ADAMUS: Trans duyusal olmak. Başka sözcükler ile ifade edecek olursak, sizin şimdiye kadar yaşadığınız duyusal deneyimler genellikle çok, çok sınırlı oldu ben zamanın yüzde 99'unun zihin ile geçtiğini söyleyebilirim ve zihin hiçbir şekilde duyusal bir araç değil. O duyusallığı taklit edecektir. O hissedişi taklit edecektir. Uzun zamandır söylediğimiz gibi zihin gerçek hisleri taklit etmek için duygu yaratır ama duygular gerçek hisler değildir. Onlar çevresinde enerji barındıran düşüncelerdir ama onlar gerçek hisler değildir.

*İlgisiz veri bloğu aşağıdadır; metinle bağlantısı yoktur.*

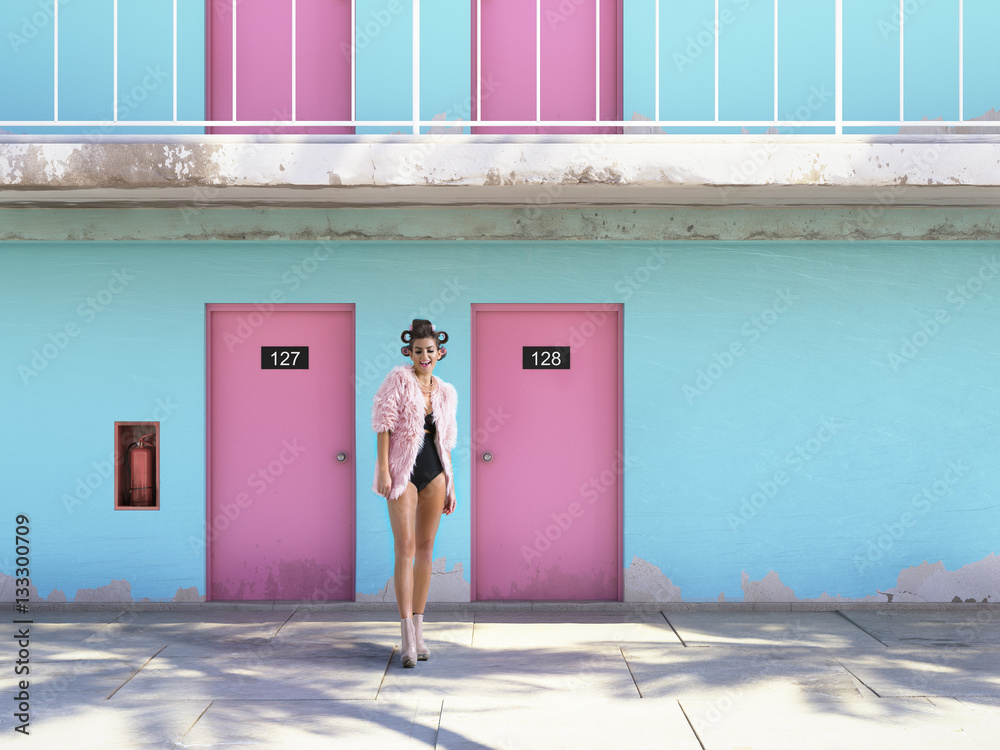 woman walking from abandoned motel with pink doors. vacation concept - obrazy, fototapety, plakaty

Sizin gerçek bir duyusal deneyim yaşamanızın üzerinden - ah, bu düzgün oldu (Linda'ya) - o kadar uzun bir zaman geçti ki. Siz yaşadınız zannedebilirsiniz. Siz, "Ahh, ben geçen gece harika seks yaptım." diyebilirsiniz. Bilirsiniz işte, insanlar fiziksel ve zihinsel olarak seks yaparlar; çok, çok az gerçek duyusal hissediş vardır. Çok az. Ve bu arada seks için duyusallık mutlaka gerekli diye bir şey yok. Çoğu insan duyusallığın en yüksek formunun seks olduğunu söyleyecektir ama değildir. O gerçek duyusallığın altında bir şeydir.

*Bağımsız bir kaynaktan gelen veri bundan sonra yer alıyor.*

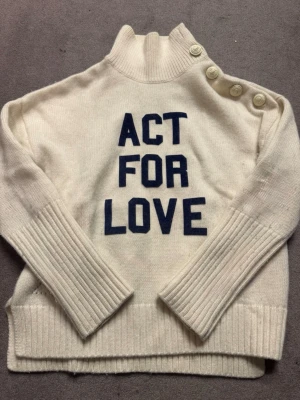 Vit stickad tröja Zadig & Voltaire - Säljer en vit stickad tröja från Zadig & Voltaire med texten 'ACT FOR LOVE' i mörkblått framtill. Tröjan har hög krage, ribbade muddar och fyra dekorativa knappar på axeln för en extra snygg detalj. Perfekt för dig som gillar statement-plagg.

Ben 2017'de duyusallığın geçmişte olduğu gibi hakkında sadece konuşulan bir yıl olmayacağını ama şimdi bunun artık gerçekte deneyimleneceğini, içeri taşınacağını söylemek isterim. Onu sözcükler ile tanımlamak oldukça zor. O, zihnin çok ötesini aşan bir hissediş. O, sadece fiziksel olmanın çok ötesinde bir şey. Ve yeniden söylüyorum biz daha önce sizin realite algınızı yaratan beş fiziksel duyu hakkında konuştuk ama o zihinle birlikte iş gördüğü zaman kesinlikle realite algısını sınırlandırıyor.

Siz her şeyi beyninizi besleyen gözleriniz ve kulaklarınız ve burnunuz ve ağzınız aracılığı ile algılıyorsunuz - onların hepsi beyninizde yer alıyor - beyninizi besliyor, gerçek olmayan anılar yaratıyor; anılar sadece duygusal düşüncelerdir. Onlar gerçekte geçmişte olmuş veya gelecekte olacak şeyler değildirler. Ve zihin size hislerinizin olduğunu söyler ama siz sadece sıkıldığınızı bilirsiniz. Çoğu insan sadece sıkılmış halde. Onlar gerçek duyusallıktan o kadar uzak ki.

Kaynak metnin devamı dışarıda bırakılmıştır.